ASISA category return dispersion report
As the market comes to grips with a “new normal” for volatility levels it is interesting to note the degree to which these volatility levels have changed over the past year. The following report reviews the dispersion of returns (indexed to 100) of various ASISA fund categories as well as the major asset classes available to South African investors.
The returns are analysed using a box and whisker chart with the length of the whisker measuring the return dispersion for the month measured. A green box means that a particular month experienced a positive return whereas a red box means that a particular month experienced a negative return.
Figure 1: ASISA category return dispersion indexed to 100 (1 April 2019 – 31 March 2020)
Figure 2: Asset class return dispersion indexed to 100 (1 April 2019 – 31 March 2020)
Source: Morningstar Index Proxies: SA Equity: FTSE/JSE All Share Index; Commodities: Bloomberg Commodity Index (ZAR); SA Bonds: JSE All Bond Index; SA Property: FTSE/JSE Property Index; Global Equities: MSCI World Index (ZAR); SA Cash: STeFI Call Deposit
The above figures confirm that, apart from South African Cash no other asset class escaped the recent increase in market volatility. Compared to each asset’s historical return series, March 2020 was particularly volatile.

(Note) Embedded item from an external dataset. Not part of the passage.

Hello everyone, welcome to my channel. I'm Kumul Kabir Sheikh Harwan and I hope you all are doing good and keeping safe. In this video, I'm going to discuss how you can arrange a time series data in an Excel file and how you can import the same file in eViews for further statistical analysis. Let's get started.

Apart from South African – Multi Asset – Income, all other ASISA categories measured ranged between roughly 10 and 25 points. Compared to each individual asset class, excluding South African Cash, all ranged between roughly 10 and 30 points.
South African Property was a noteworthy exception, ranging almost 40 points. A possible reason for this outlier may be the levered nature of the South African listed property sector. High debt levels may have had investors concerned as the economy entered a shutdown.
Future dispersions will be dependent on two broad factors: restored economic activity and the containment of Covid-19. Unfortunately, the true impact of Covid-19 and its knock-on effects on the global economy will only truly be known after the fact.
Return dispersion and the Global Financial Crisis
Having experienced a noteworthy increase in volatility, it is important to measure the significance thereof by looking back in history. The most recent market crisis that saw a meaningful uptake in volatility was the Global Financial Crisis of 2007-2008.
Figures 3 and 4 compare the largest spread between the highest and lowest point within a given month during the Global Financial Crisis with that experienced during the ongoing Covid-19 pandemic.
Figure 3: ASISA category return dispersion comparison
Figure 4: Asset class return dispersion comparison
From these figures it is clear that the recent volatility is unprecedented. All ASISA Categories measured saw a significant increase in volatility. Apart from commodities and to a lesser extent cash, all major asset classes saw the same uptake in volatility.
More importantly, the South African Bonds category, which historically held up in the event of an increase in equity market volatility, also saw a drastic increase of more than 10 points. This is mainly due to the difference in country-specific risks between 2007-2008 and now. Since the global financial crisis, South Africa’s fiscal position has deteriorated rapidly with debt to GDP more than doubling (2008: 27.8%; 2019: 62.2% (Trading Economics)). The additional risk of Covid-19 and its impact on the South African economy, together with a downgrade in credit rating by Moody’s, led to already cautious investors selling off local government debt.